What is required
Give the data again word for word; drop the pictures.

Dataset extract
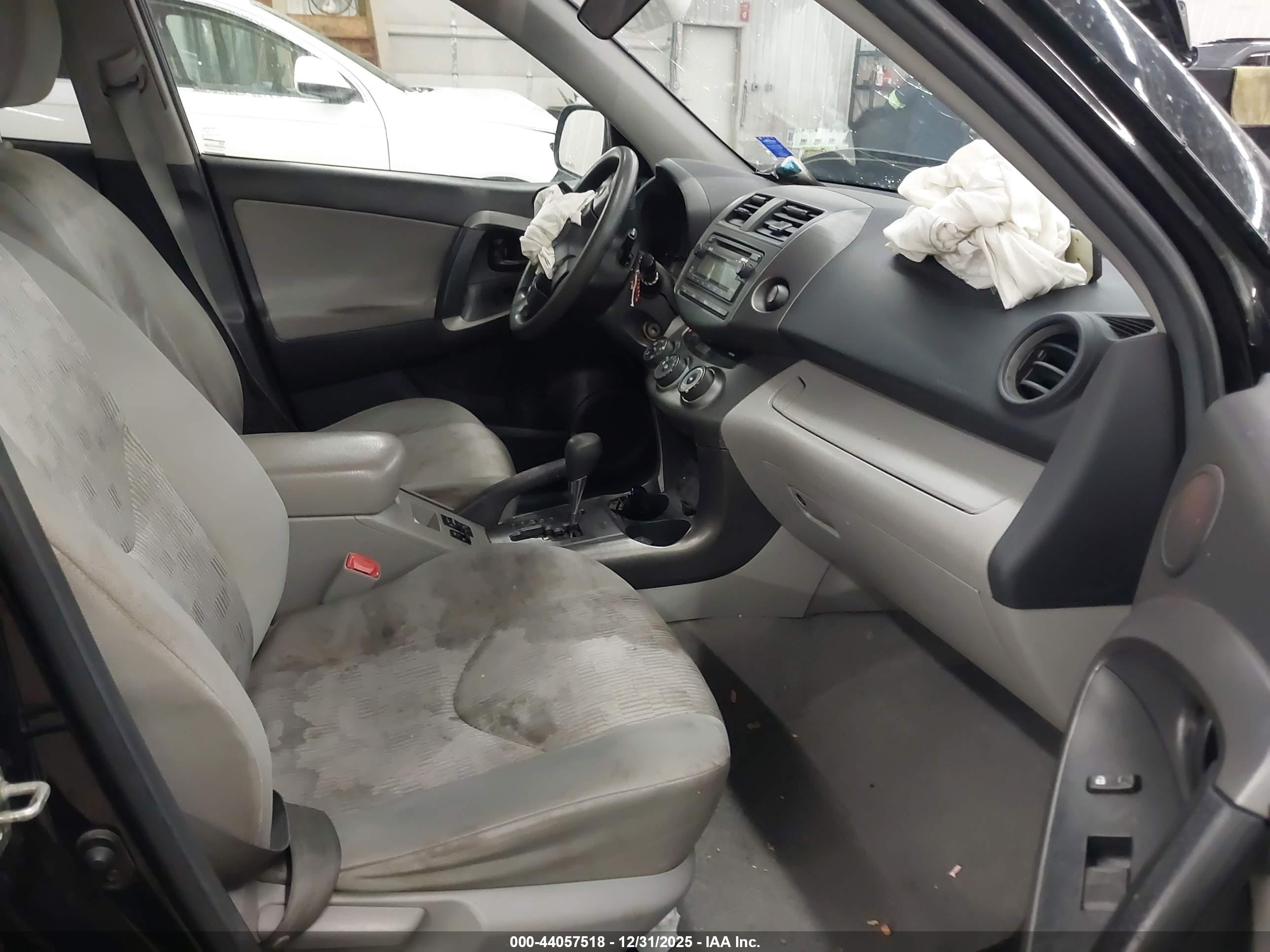 TOYOTA RAV4 image 5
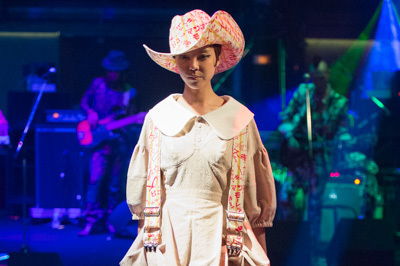 ノゾミ イシグロ(NOZOMI ISHIGURO) コレクション - ファッションプレス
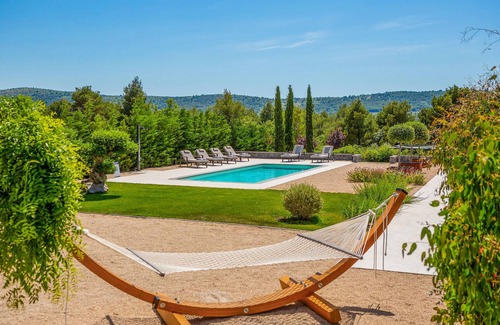 Sibenik House | Stunning home in Dubrava with sauna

Solution for this exercise
 TOYOTA RAV4 image 5
 ノゾミ イシグロ(NOZOMI ISHIGURO) コレクション - ファッションプレス
 Sibenik House | Stunning home in Dubrava with sauna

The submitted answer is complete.